From: Mario Limonciello

Date: Wed Feb 18 2026 - 14:22:16 EST

On 2/12/26 6:34 PM, Mario Limonciello wrote:

++

On 2/12/2026 1:34 AM, Mika Westerberg wrote:

[+Cc AMD folks]

On Thu, Feb 12, 2026 at 08:07:54AM +0100, Mika Westerberg wrote:

On Thu, Feb 12, 2026 at 12:16:03PM +0800, AceLan Kao wrote:

Disable runpm on 62:02.0, then we have 83:00.0 and its downstream port
84:01.0 and 85:00.0, and then the tbt storage is recognized.
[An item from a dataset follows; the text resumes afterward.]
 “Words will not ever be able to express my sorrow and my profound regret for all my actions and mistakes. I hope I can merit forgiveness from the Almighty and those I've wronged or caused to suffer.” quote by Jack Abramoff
Got troubles with mutt, my reply got rejected :(

Using gmail and copy/paste the content below again.

Okay.

Okay that means there is nothing wrong with the PCIe tunnel itself it's
just that the PCIe side either does not get the PME or does not see that
the PCIe link becomes active (e.g the PCIe Downstream Port runtime suspends
itself before the link status changes).

PME work so that there is wake first on Intel it's GPE that wakes up the
root port and then PCIe stack wakes up devices and then the PME message is
sent to the root complex.

If you do this on Intel host do you see the same?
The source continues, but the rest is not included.